[PROBLEM STATEMENT]:
Give the listing again exactly, skipping any pictures it holds.

[GIVEN DATA]:

__________

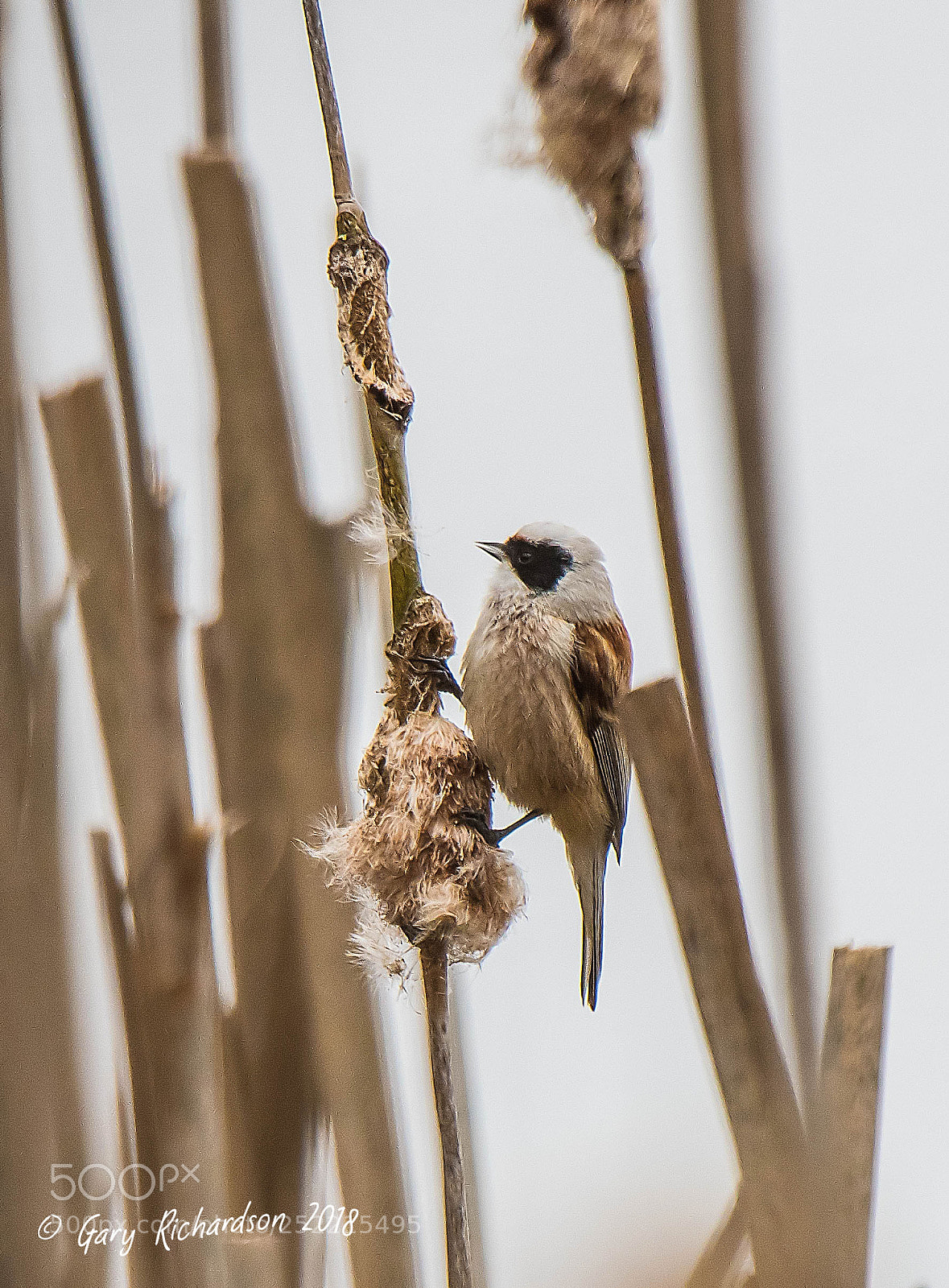 Nikon D500 sample photo. Penduline tit photography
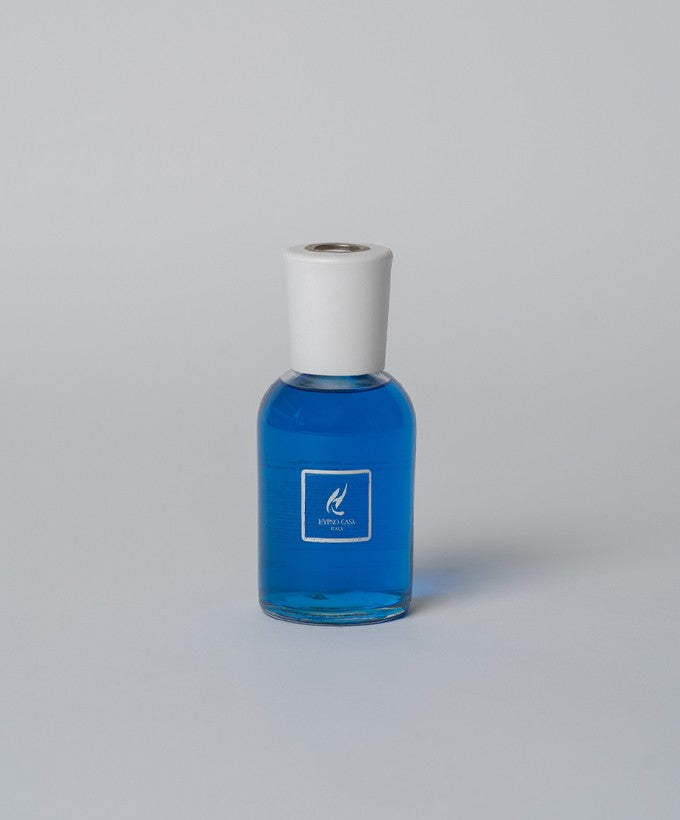 DIFFUSORE CON BASTONCINI HYPNOCASA - ARIA DI MARE 100 ML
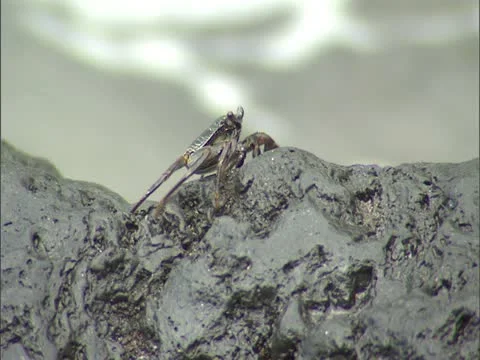 A'ama Crab Video stock 22243738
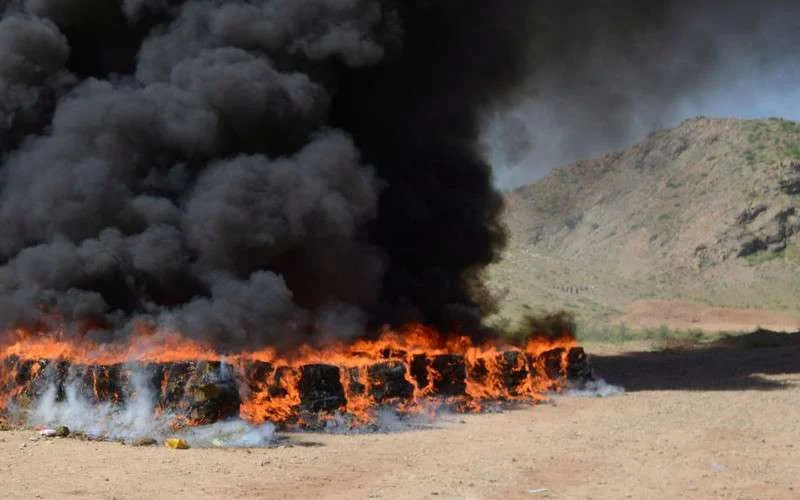 Ruim 10 ton drugs vernietigd in Tanger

__________

[SOLUTION]:
 Nikon D500 sample photo. Penduline tit photography
 DIFFUSORE CON BASTONCINI HYPNOCASA - ARIA DI MARE 100 ML
 A'ama Crab Video stock 22243738
 Ruim 10 ton drugs vernietigd in Tanger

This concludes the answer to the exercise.